In the 1930s, University of Kentucky physicist-turned-archaeologist William Webb began excavating graves left by a culture known as the Shell Mound Archaic in Kentucky’s Green River Valley. Helped by a team of Works Progress Administration laborers, Webb unearthed a number of the drilled stones, which were by then already known as bannerstones. Because he found them lying between hooks and handles made of antler, he assumed they had once been connected to a wooden atlatl that had since disintegrated.

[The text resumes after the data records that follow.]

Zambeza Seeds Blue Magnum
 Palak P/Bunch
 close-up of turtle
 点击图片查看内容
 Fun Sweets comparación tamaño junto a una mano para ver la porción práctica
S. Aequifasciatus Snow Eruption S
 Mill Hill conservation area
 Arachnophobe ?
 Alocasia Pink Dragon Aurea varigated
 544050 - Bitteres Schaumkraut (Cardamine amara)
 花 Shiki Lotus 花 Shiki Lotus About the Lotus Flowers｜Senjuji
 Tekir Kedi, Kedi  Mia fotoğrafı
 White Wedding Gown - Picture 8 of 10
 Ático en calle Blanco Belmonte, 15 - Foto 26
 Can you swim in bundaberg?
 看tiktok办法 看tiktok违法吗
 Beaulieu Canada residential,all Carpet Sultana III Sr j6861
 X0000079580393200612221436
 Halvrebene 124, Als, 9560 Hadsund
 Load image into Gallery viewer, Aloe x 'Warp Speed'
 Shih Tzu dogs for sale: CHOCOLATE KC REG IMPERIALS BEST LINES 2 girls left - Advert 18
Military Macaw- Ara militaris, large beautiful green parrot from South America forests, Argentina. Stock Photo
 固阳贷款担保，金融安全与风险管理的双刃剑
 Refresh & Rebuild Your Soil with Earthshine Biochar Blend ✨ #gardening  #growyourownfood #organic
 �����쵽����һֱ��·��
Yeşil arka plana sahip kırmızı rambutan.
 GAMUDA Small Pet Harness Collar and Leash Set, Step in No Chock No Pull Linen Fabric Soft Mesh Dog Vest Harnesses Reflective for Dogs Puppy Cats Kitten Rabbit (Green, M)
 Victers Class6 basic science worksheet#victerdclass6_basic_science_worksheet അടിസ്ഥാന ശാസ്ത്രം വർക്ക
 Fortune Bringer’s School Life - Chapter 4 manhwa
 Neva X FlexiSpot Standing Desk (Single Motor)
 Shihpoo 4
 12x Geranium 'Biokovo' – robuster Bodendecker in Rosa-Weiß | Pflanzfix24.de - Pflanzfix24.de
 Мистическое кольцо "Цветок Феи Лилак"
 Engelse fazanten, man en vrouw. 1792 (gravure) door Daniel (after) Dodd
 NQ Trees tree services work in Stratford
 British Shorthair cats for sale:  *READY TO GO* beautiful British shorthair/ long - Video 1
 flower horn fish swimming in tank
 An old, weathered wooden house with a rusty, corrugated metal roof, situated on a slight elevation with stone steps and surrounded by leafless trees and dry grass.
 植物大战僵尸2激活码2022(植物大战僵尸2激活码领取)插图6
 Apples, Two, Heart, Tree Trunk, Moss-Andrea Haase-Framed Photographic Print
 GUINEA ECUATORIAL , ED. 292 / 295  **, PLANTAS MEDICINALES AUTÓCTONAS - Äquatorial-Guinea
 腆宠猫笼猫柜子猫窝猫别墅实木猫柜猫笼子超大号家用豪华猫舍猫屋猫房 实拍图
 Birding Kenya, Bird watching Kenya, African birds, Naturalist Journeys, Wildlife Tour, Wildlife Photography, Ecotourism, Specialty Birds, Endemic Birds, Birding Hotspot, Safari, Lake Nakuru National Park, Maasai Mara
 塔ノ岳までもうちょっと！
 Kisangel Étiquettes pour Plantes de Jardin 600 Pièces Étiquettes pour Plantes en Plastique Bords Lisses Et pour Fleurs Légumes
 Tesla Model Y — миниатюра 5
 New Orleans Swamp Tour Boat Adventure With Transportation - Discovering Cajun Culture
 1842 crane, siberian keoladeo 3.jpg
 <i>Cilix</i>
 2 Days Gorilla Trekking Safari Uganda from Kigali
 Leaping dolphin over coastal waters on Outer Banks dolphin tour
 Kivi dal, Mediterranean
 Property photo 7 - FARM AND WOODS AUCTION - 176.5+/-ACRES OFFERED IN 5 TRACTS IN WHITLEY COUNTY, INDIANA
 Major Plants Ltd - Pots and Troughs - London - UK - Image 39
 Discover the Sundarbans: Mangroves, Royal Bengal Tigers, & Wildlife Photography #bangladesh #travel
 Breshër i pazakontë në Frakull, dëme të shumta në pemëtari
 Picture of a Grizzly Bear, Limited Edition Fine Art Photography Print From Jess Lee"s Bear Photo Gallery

Atlatls are essentially throwing sticks with a handle on one end and a hook on the other that can hold a spear. By drawing the spear-thrower back and then hurling it forward, a hunter can use the atlatl as a lever to launch a spear, sending it farther and with more power than if launched only by hand. Webb assumed the bannerstones were meant to somehow increase the efficiency of such spear-throwers. Perhaps inspired by his background in physics, Webb made a long study of atlatl mechanics and determined that bannerstones were used as weights that added velocity and power to the spears hurled from the atlatl. Since Webb published his ideas in 1957, at least two generations of archaeologists have tried to replicate his results. Despite the fact that they are often still referred to as atlatl weights, scholars have largely been unable to show that bannerstones improve atlatl efficiency. “Like a lot of my colleagues, I experimented early on with atlatls and bannerstones,” says Alan Harn, curator emeritus at Dickson Mounds State Park in Illinois. “I must have cast hundreds of spears trying to understand them, but I never got a bannerstone to add thrust and power. They slowed me down.” Eventually, Harn gave up.